Rachel Dolezal broke her silence on Tuesday's Today show, revealing that she's been identifying as a black person for most of her life.
When asked how long she's felt this way, the 37-year-old activist said it started when she was only five years old.
"I was drawing self-portraits with the brown crayon instead of the peach crayon, and black curly hair," she said. "I do take exception to that because it's a little more complex than me identifying as black or answering a question of, are you black or white?"
Lauer inquired as to whether she felt she was deceiving people when it came to her race. She explained that people just started to assume she was black and she "never corrected" them.
"I was identified when I was doing human rights in North Idaho as transracial," Dolezal recalled. She added that in a later article, she was called biracial and in another write-up, they identified her as a black woman.
As for her civil rights efforts, Dolezal couldn't determine if she would have been as successful if she identified herself as white.
"I don't know," she admitted. "I haven't had opportunity to experience that in those shoes. I'm not sure."
Dolezal was also asked to address how her skin is darker now than pics of her as a blonde teenager. "I don't say out of the sun," she replied.

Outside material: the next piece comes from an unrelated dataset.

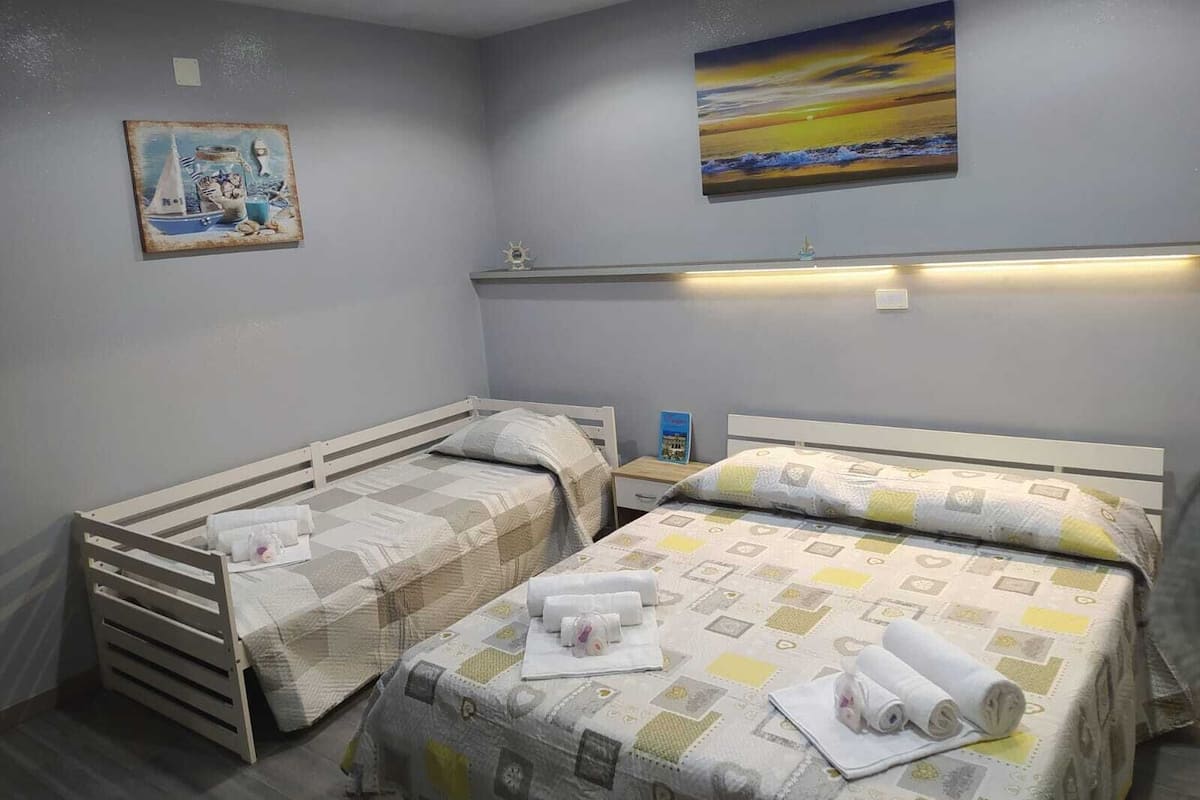 Standard Triple Room, 1 King Bed | 1 bedroom, hypo-allergenic bedding, minibar, in-room safe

But when asked if this is the same as blackface, Dolezal took issue with that claim. "I have a huge issue with blackface. This is not some freak birth of a nation mockery blackface performance," she said. "This is on a very real, connected level. How I've had to go there with the experience, not just a visible representation, but with the experience."
Lauer also wanted to know how her two adopted black children identified their mother when it came to her race. Dolezal said one of her sons told her, "Mom, racially you're human and culturally you're black."
Despite the fallout and media frenzy surrounding her race, Dolezal told Lauer she would make similar choices if she had to do it all again.
"As much as this discussion has somewhat been at my expense recently and in a very sort of viciously inhumane way come out of the woodwork, the discussion is really about what it is to be human," she said. "I hope that that can drive at the core of definitions of race, ethnicity, culture, self-determination, personal agency and, ultimately, empowerment."